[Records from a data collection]
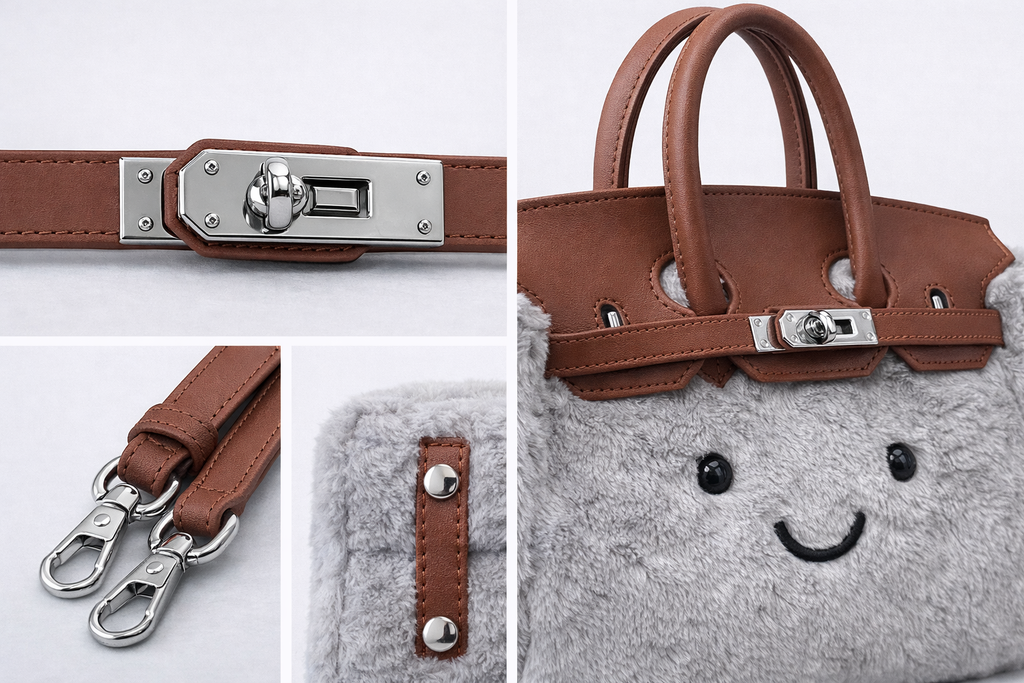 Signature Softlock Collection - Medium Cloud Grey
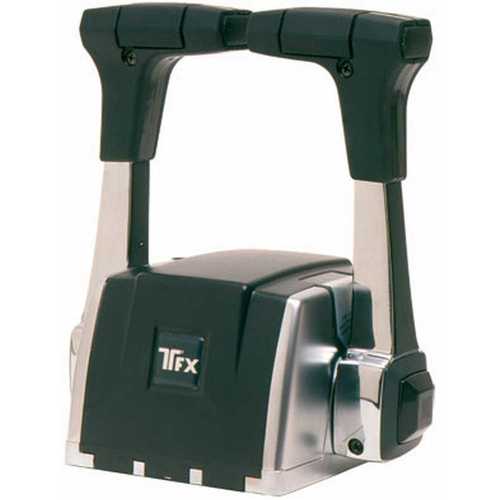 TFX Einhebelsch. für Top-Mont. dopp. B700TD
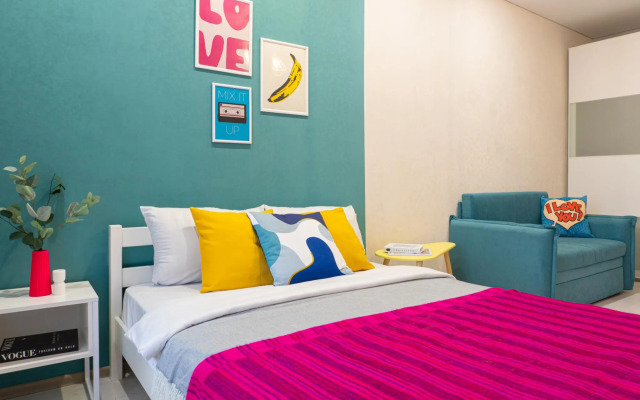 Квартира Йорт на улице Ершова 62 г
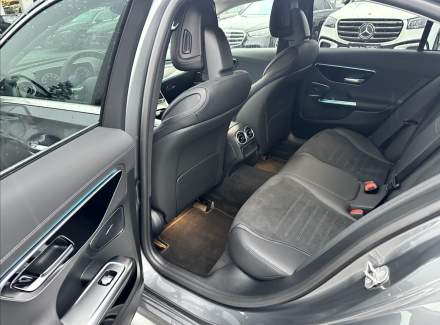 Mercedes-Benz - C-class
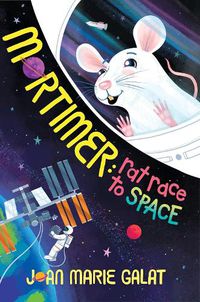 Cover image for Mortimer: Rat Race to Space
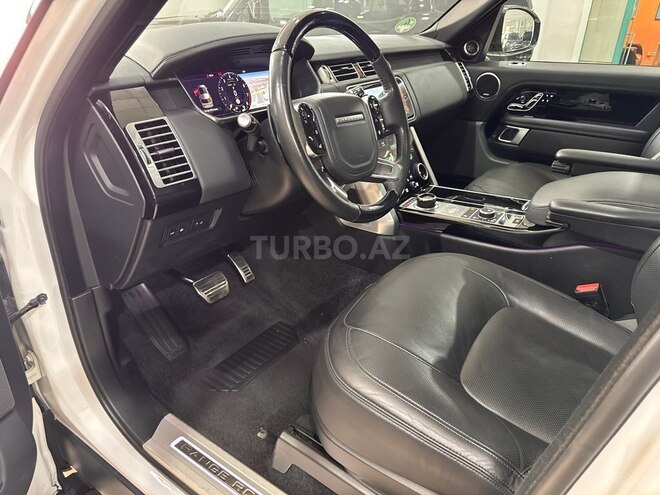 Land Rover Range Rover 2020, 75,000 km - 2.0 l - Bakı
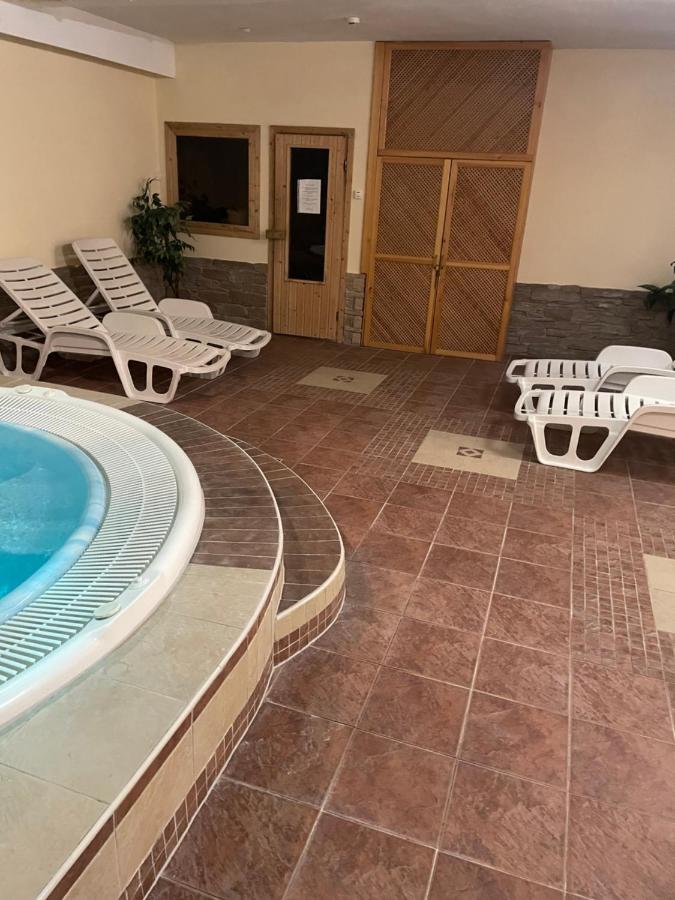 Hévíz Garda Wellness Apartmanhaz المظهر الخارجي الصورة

Your task: Could you repeat all of the entries exactly, without the pictures?

Result of this exercise:
 Signature Softlock Collection - Medium Cloud Grey
 TFX Einhebelsch. für Top-Mont. dopp. B700TD
 Квартира Йорт на улице Ершова 62 г
 Mercedes-Benz - C-class
 Cover image for Mortimer: Rat Race to Space
 Land Rover Range Rover 2020, 75,000 km - 2.0 l - Bakı
 Hévíz Garda Wellness Apartmanhaz المظهر الخارجي الصورة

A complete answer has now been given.